An unnamed Government source is quoted:

‘We want professional mathematicians from universities to design a new 16-18 curriculum because frankly A levels are not cutting the mustard…These schools are intended to develop new curricula and methods with deliberate experimentation by teams of professional mathematicians….Insofar as there is a goal it is to produce pupils who excel in Cambridge’s entrance papers and similar tests.’

He adds:

‘This is an experiment and we want people to come up with other projects in other subject areas.’

implying that – funding permitting – the creation of a whole sector of specialist selective 16-19 institutions is potentially on the cards.

The story was followed up by other media over the remainder of the weekend.

The BBC suggested that the funding would not be drawn from the existing education budget and that there would be a special applications process alongside the existing standard free schools process.

The Independent added that some of the schools would concentrate on pure maths while others would have a wider STEM focus, combining maths with physics, chemistry or computer science.

Moreover, the schools would not be expected simply to accelerate young mathematicians through the curriculum but to ‘help them excel at top universities’ and ultimately ‘work in digital technologies, produce breakthroughs in applied maths or develop innovative companies’.

Apparently, Osborne and Gove pushed forward the idea ‘despite obstacles in Whitehall’. It is unclear whether this means other Ministers (perhaps Cable and Willetts at BIS) or DfE and Treasury mandarins.

What the Statement said

The new policy duly appears in the Autumn Statement although there is no commitment to 12 or more institutions:

‘So today, with the savings we’ve made, I am providing an extra £1.2 billion – as part of the additional investment in infrastructure – to spend on our schools.

Half of this will go to help Local Authorities with the greatest basic need for school places.

The other £600 million will go to support my RHF’s reforms – and will fund 100 additional free schools.

These schools will include new Maths Free Schools for 16-18 year olds.

This will give our most talented young mathematicians the chance to flourish.

Like the new university technical colleges, these Maths Free Schools are exactly what Britain needs to match our competitors – and produce more of the engineering and science graduates so important for our longer term economic success.’

Here is the wording in the Treasury’s Autumn Statement document:

‘In order to raise school standards and support areas facing the greatest pressures on school places, the Government will provide an additional £1.2 billion for capital investment in schools in England, including:

  •  an extra £600 million to fund 100 additional Free Schools by the end of this parliament. This will include new specialist maths Free Schools for 16-18 year olds, supported by strong university maths departments and academics; and
  • an additional £600 million to support those local authorities with the greatest demographic pressures. This funding is enough to deliver an additional 40,000 school places.’

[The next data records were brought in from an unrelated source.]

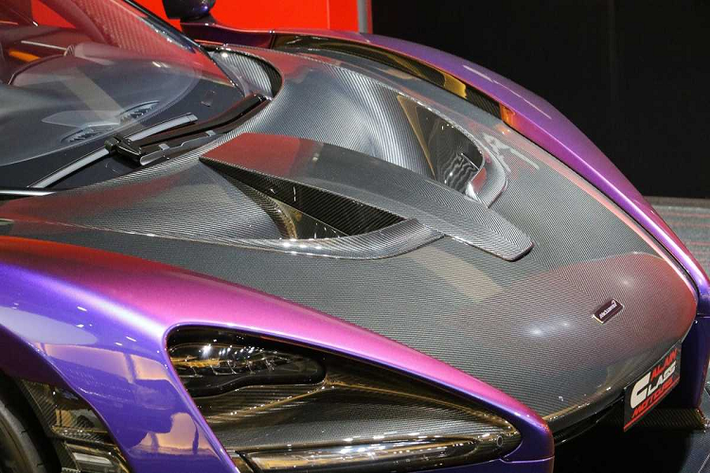 Trên Senna, Mclaren lần đầu sử dụng phong cách thiết kế dựa vào công năng. Nói đơn giản, từng chi tiết của chiếc siêu xe này đều sẽ phục vụ cho việc tối ưu hóa luồng không khí qua xe một cách triệt để, khiến chiếc xe có thể đi nhanh nhất trên đường đua. Với kiểu thiết kế này, Senna đã phải nhận không ít ý kiến trái chiều vì cho rằng nó quá rườm rà, tuy nhiên, chiếc xe lại thể hiện mình tốt hơn khi hiện đang là một trong những chiếc xe thương mại nhanh nhất tại các đường đua trên toàn thế giới.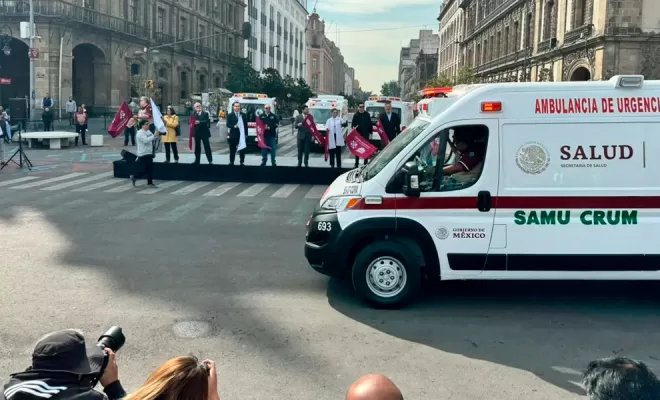 Entrega el Gobierno de la CDMX nuevas ambulancias con inversión millonaria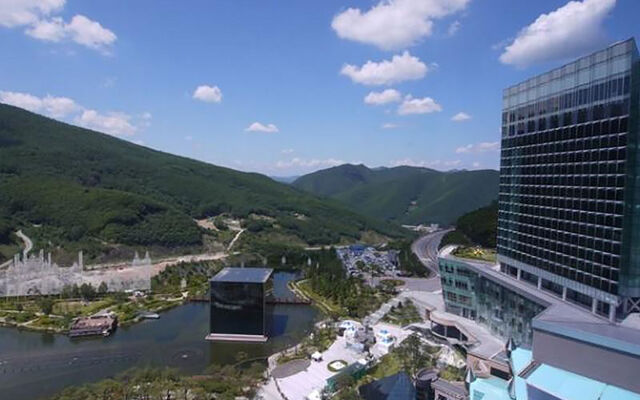High1 Grand Hotel Main Tower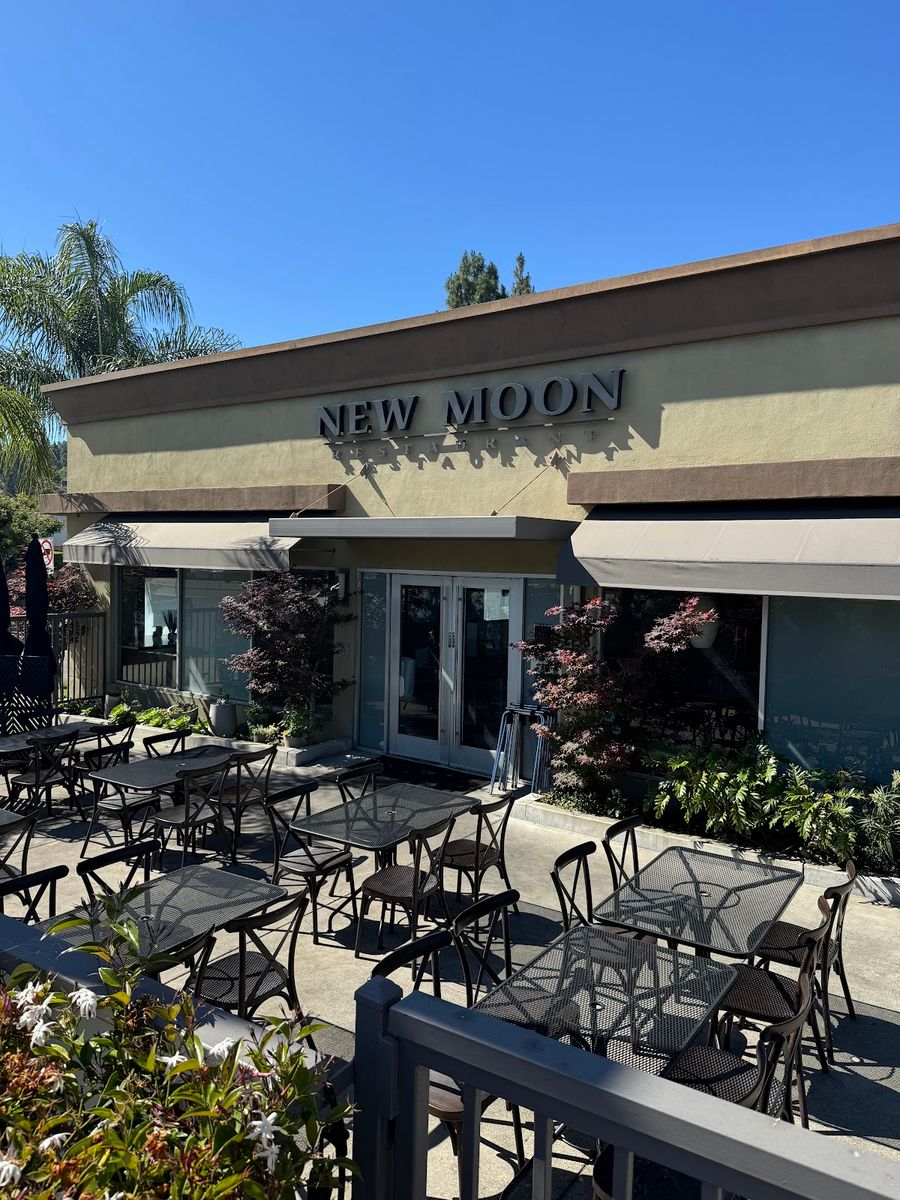 Glendale - New Moon restaurant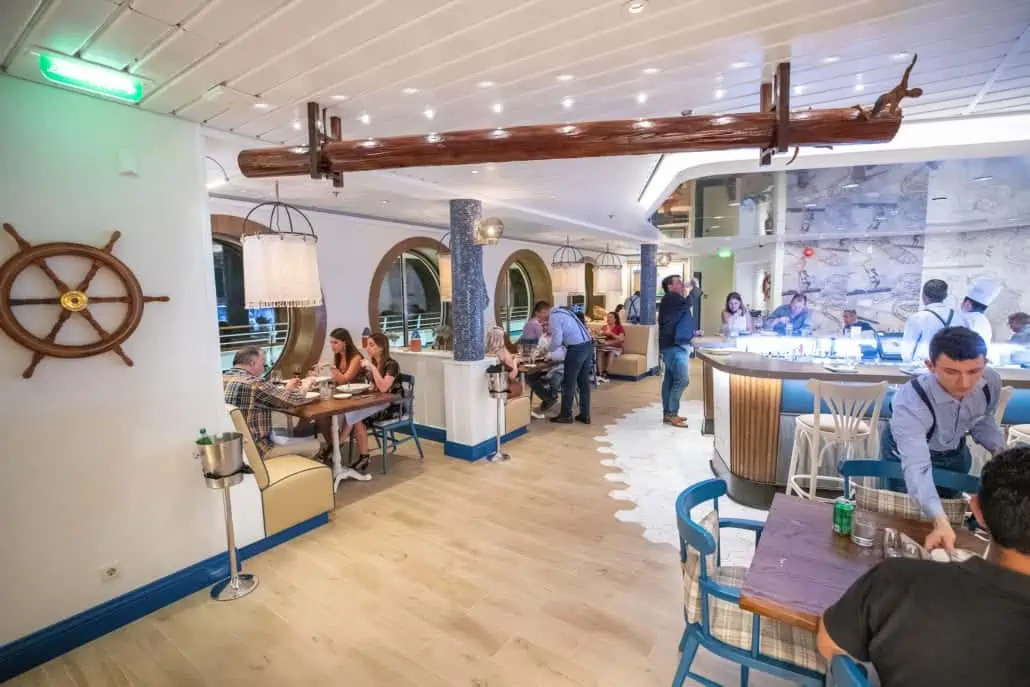 navigator of the seas hooked seafood restaurant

The associated Fiscal Impact of the Autumn Statement appears to suggest – in the Table on page 49 – that there is actually £710m in the ’100 free schools’ line, divided equally between FYs 2013-14 and 2014-15.

It is understood that £110m of this is attributable to the Barnett Formula, so wings its way to Northern Ireland, Scotland and Wales, where it can presumably be spent on other educational priorities of the relevant Education Ministers’ choosing, since they do not have free schools.

Assuming that the figure of 12 schools still has credence and these schools receive a proportionate share of the £600m, that means an overall budget of £72m for capital costs.

The recurrent costs will presumably need to be met from within the wider schools budget, which is protected in real terms by the ruse of recycling its share of savings on the public sector pay bill.

The link to economic growth is consistent with arguments for investment in gifted human capital that have been advanced before on this blog but, given the time lags, it is hard to see how it will have impact within the lifetime of this Parliament, or even the next, other than indirectly through the capital investment and new jobs associated with the building projects.

International precedents

DfE will be aware of the many international precedents for such institutions, including:

  • The National University of Singapore High School of Mathematics and Science (NUS High School) which runs the six-year Integrated Programme for 13-18 year-olds – already floated several months ago as a reform that England might emulate. The school targets the most able 10% of pupils, taking in 170 in Year 1 (from around 2,000 applications) and a further 70 in Year 3;
  • the Korea Science Academy of KAIST which has also featured in a previous post. It currently has 450 students in Grades 10-12. The annual admission is restricted to 150 students from throughout Korea and a maximum of 18 international students; and
  • the Illinois Math and Science Academy, one of several such institutions in the USA, which accommodates 650 students on a three-year residential programme.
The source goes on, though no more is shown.